Thekla Eick engagiert sich für südasiatisches Land – Besuch von Patenkind

Mit dem Herzen in Nepal

Endlich wieder vereint: Thekla Eick (Mitte) genießt die gemeinsame Zeit mit ihrem Patenkind Shiva Hari Bajagain (links), seiner Frau und den beiden Töchtern in Bad Hersfeld. Foto: Anna Weyh

Bad Hersfeld. Wenn es im Wohnzimmer nach Ingwer duftet und nepalesische Klänge zu hören sind, ist Thekla Eick ganz in ihrem Element. Die Bad Hersfelderin liebt alles, was mit Nepal in Verbindung steht – und am meisten die Menschen dort.

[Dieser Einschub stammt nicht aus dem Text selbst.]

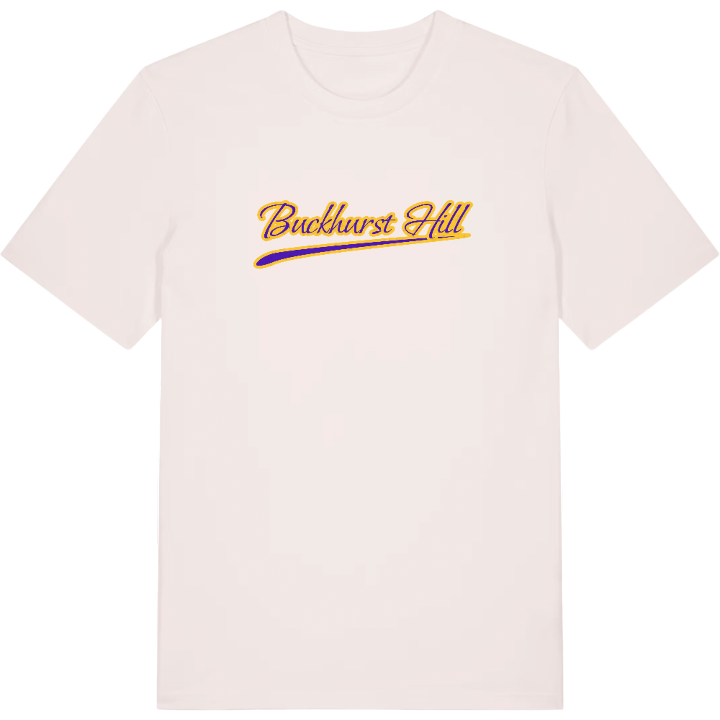 Buckhurst Hill baseball t-shirt – t-shirt från PinShirt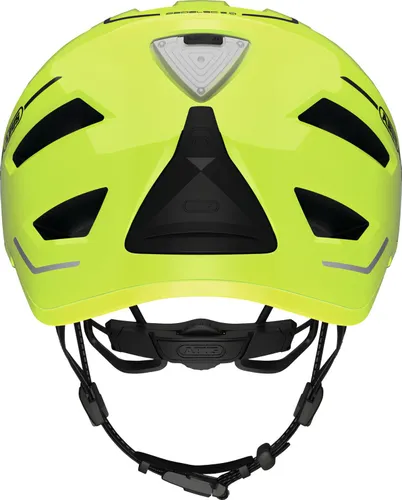 Kask rowerowy ABUS Pedelec 2.0 Signal Żółty Miejski (rozmiar L)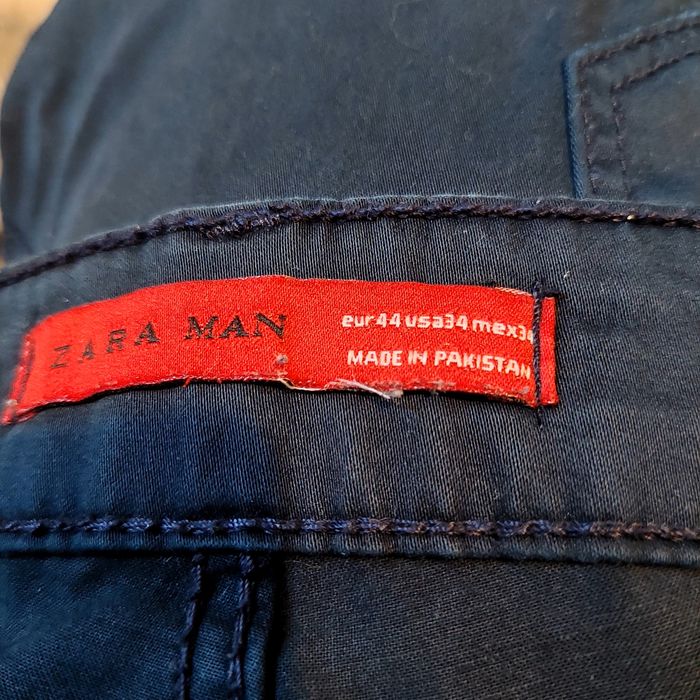 Spodnie męskie Zara Man 44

Seit sie Nepal 1998 das erste Mal besucht hat, kann sie sich ein Leben ohne dieses Land nicht mehr vorstellen. Während ihrer sieben Reisen lernte sie dort viele Einheimische kennen. Darunter drei Menschen, die ihr ganz besonders an Herz wuchsen. Für sie übernahm eine Patenschaft.

Ihren 80. Geburtstag wollte Eick eigentlich in dem von ihr so geliebten Land feiern, doch ein Krankenhausaufenthalt machte ihr die Reise unmöglich. „Wenn ich nicht mehr nach Nepal kommen kann, bringe ich Nepal eben zu mir“, erzählt Eick lachend.

Reise nach Europa

So kam es, dass sie eines ihrer Patenkinder, Shiva Hari Bajagain, samt Familie nach Deutschland einlud. Nach einem dreiwöchigen Aufenthalt in Österreich gab es das große Wiedersehen.

„Sie tragen das Herz im Gesicht“, schwärmt Eick. Die vielen Freunde und Familienangehörigen von Eick endlich persönlich kennen zu lernen, bereitete allen große Freude. „Ich verdanke ihr so viel! Abgesehen von der großzügigen finanziellen Hilfe hat sie mich auch motiviert, mein Studium fortzusetzen“, berichtet Bajagain. Die beiden lernten sich in einem Hotel kennen, in dem er als Kellner arbeitete. Eicks Glaube an den eigenen Erfolg färbte auch auf den Nepalesen ab. Er beendete sein Studium, welches er aus finanziellen Gründen unterbrochen hatte, und machte sich selbstständig.

Kultur hautnah erleben

Heute leitet er ein Projekt mit dem Namen Social Tourism Development and Research Foundation. Es verfolgt das Ziel, Touristen nicht in Hotels ihren Urlaub verbringen zu lassen, sondern sie zu wesentlich geringeren Preisen bei einzelnen Familien unterzubringen, sodass sie dabei die Kultur näher kennenlernen. Das Prinzip „learning by eachother“ (gegenseitiges Lernen) verdeutlicht, dass sowohl die Touristen von den Einheimischen lernen, als auch andersherum. Ganz individuell nach Beruf können die Gäste den Dorfbewohnern behilflich sein. So kann ein Lehrer in einer einheimischen Schule unterrichten und ein Maler ein Gebäude neu streichen. Das Projekt verlangt viel Kraft und Durchhaltevermögen. Ohne Eicks Hilfe hätte Bajagain das alles nicht geschafft. Er ist überglücklich, diesen Schritt gewagt zu haben. Eick eröffnet durch ihre finanzielle Unterstützung und ihr positives Lebensgefühl vielen Menschen eine neue Sichtweise auf das eigene Leben.